Squats at the gym are like taking a challenging photo. You stand back, observe your obstacle for about 10 minutes, debate on skipping it altogether, change the song on your iPod, then just take the plunge. This idea came across my mind as I was kneeling down in my mother's flower bed, sweat dripping off my back, bumble bees swirling around my head, microscopic bugs crawling on my legs; I was hot and miserable. I thought, "Is this what it takes to get that one good picture?". I think about how much I despise doing squats at the gym. I'd rather run until I throw up. But, I remind myself that I have better form than the muscle head guy at the gym who looks like he's had 1 too many protein shakes. So, I pat myself on the back for a job well done.
Yesterday, I was pumped like a dog who had just eaten an entire bottle of no-doz. I remembered the pictures I took in the flower bed with my favorite macro lens. Now, we're talking. On one picture, I got a close up of a beautiful red flower, exuberant with color, with those ferocious microscopic bugs crawling all over. I balanced myself perfectly, wondering all the while, why I was outside taking pictures in Mississippi in the 90 degree heat. Snap! Perfectly in focus, no "auto" button needed here. This girl has skills. I patted myself on the back like I had just completed 4 sets of 12 bicep curls with Jay Cutler. Yeah, right. God has already warned me many times about humbling myself.

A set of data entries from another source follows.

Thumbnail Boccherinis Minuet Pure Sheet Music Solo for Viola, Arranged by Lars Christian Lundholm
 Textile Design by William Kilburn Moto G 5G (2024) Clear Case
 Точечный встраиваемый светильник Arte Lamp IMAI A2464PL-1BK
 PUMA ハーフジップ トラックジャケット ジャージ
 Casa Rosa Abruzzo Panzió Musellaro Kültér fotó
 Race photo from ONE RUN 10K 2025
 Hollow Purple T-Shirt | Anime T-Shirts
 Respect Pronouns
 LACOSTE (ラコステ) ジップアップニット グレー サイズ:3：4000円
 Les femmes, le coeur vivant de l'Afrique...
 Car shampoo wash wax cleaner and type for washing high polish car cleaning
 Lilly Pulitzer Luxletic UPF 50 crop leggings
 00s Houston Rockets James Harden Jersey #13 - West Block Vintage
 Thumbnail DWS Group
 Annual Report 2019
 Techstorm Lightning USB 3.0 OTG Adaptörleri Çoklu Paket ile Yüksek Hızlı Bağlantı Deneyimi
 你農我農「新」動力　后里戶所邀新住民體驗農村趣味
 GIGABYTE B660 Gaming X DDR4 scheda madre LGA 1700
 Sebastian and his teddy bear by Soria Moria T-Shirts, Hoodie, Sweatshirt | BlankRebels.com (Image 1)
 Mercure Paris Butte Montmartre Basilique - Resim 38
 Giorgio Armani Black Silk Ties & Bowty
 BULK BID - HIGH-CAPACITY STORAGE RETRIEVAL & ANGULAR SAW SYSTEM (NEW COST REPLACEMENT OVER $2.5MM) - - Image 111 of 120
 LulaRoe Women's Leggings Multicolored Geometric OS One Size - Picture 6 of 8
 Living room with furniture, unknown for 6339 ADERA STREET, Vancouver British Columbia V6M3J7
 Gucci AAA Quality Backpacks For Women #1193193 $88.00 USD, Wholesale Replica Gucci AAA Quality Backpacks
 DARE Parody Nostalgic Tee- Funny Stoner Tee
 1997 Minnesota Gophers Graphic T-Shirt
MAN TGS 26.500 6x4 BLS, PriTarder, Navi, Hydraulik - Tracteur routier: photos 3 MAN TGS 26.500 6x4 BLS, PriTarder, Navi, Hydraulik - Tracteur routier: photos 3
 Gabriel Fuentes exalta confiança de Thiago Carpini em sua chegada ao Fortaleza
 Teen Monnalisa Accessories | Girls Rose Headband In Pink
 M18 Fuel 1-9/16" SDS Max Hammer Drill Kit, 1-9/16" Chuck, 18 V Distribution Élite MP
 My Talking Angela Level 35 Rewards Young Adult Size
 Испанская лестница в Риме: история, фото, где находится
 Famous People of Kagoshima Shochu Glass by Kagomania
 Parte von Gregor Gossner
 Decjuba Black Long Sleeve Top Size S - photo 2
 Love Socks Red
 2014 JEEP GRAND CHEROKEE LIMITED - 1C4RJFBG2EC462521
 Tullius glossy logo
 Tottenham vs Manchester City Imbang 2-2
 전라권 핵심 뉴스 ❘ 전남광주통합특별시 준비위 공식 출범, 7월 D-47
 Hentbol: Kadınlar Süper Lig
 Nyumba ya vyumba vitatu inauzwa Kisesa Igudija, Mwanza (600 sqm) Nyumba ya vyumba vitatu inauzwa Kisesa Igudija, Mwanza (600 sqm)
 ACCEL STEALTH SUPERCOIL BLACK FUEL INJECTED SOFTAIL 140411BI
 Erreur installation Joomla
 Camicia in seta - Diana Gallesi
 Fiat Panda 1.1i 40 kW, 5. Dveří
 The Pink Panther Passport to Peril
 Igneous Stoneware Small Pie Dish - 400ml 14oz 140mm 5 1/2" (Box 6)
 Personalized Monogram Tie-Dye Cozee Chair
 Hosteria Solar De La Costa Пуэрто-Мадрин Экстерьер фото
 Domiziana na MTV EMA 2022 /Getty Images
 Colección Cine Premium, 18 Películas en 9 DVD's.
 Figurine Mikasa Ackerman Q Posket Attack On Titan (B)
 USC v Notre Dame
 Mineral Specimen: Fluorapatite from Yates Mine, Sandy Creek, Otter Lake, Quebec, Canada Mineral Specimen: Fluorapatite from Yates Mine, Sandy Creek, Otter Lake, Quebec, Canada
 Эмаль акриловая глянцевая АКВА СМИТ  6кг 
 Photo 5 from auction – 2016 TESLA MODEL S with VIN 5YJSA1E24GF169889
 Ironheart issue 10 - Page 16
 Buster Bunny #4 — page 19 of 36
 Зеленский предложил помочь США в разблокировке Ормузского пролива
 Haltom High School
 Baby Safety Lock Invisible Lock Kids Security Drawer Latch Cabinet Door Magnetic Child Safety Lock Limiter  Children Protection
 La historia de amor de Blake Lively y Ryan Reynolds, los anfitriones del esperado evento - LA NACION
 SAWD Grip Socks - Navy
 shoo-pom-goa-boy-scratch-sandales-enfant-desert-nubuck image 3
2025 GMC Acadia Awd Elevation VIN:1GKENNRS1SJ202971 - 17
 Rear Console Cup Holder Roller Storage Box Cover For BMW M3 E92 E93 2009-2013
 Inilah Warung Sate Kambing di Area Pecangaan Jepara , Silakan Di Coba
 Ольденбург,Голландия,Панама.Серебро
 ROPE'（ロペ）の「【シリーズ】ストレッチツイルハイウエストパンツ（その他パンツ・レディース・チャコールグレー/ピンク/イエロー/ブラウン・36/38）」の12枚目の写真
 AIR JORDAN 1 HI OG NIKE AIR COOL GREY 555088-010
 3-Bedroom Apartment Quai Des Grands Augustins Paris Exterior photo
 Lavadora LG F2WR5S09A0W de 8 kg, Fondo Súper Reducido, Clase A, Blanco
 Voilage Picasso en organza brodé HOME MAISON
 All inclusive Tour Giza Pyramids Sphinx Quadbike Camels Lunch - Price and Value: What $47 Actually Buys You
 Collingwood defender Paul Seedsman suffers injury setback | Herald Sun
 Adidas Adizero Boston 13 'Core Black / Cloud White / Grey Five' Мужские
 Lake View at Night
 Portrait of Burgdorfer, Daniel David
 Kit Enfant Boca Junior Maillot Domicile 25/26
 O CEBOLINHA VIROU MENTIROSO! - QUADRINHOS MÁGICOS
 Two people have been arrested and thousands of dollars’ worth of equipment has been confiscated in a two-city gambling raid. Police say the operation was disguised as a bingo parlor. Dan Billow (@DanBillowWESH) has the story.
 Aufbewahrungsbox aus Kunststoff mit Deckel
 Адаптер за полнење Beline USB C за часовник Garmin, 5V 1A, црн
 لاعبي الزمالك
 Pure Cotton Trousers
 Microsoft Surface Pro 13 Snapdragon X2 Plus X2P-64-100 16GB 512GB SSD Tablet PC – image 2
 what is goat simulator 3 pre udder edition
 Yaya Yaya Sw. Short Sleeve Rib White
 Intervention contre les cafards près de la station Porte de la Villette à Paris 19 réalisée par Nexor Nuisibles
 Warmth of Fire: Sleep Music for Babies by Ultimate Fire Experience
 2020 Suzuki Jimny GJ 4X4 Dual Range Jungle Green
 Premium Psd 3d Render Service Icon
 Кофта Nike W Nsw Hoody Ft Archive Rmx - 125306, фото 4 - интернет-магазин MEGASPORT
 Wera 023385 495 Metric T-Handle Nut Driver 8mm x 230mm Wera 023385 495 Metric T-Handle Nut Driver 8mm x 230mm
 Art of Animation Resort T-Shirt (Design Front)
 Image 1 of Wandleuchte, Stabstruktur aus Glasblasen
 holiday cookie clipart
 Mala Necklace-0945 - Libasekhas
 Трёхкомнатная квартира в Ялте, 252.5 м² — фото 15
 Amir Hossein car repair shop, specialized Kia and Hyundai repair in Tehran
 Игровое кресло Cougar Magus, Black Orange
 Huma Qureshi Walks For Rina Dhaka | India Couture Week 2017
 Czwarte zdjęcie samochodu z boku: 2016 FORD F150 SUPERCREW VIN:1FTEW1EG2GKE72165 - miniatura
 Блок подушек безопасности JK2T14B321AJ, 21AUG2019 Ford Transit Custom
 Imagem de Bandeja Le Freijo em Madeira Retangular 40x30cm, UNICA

Walgreen's is in the near future. Is it 3:45 yet? I've seen way too many boogers, and tears today. I'm ready to get my pictures developed. Oh wait! Take them out of the camera first, Corey. As I attempt to take out my 35mm film, the lever on my camera won't crank. Seriously???? I immediately go to the camera expert, my friend and co-worker. Still, nothing. I start thinking, "don't throw your camera across the room, don't scream at a little kid and make them cry, don't blame this on God." I jerk up the lever on my camera, fling open the back of the camera, and I am speechless at what I see; my film is snapped in half with most of the film exposed. You've got to be kidding me. I'm beyond mad. I debate on walking out the door and marching over to Best Buy, screaming and demanding that some geek squad member assist me in buying the best digital camera available!! The devil is trying to shake me. One of my favorite verses comes to mind.
Therefore submit to God. Resist the devil and he will flee from you. James 4:7
Thank you, God. You always know what to say at precisely the right time. I got this. My 35mm Minolta camera is the bomb. And I'm thankful for it, because without this camera, my new hobby would be non-existent. So maybe I stepped in horse poop today, maybe I worked outside in the heat for photos that I'll never see. I still pat myself on the back. Because the Lord knows I'm trying; He knows I'm building a passion for this. And I think he would be proud that I still love Him no matter what, because it's all for His glory.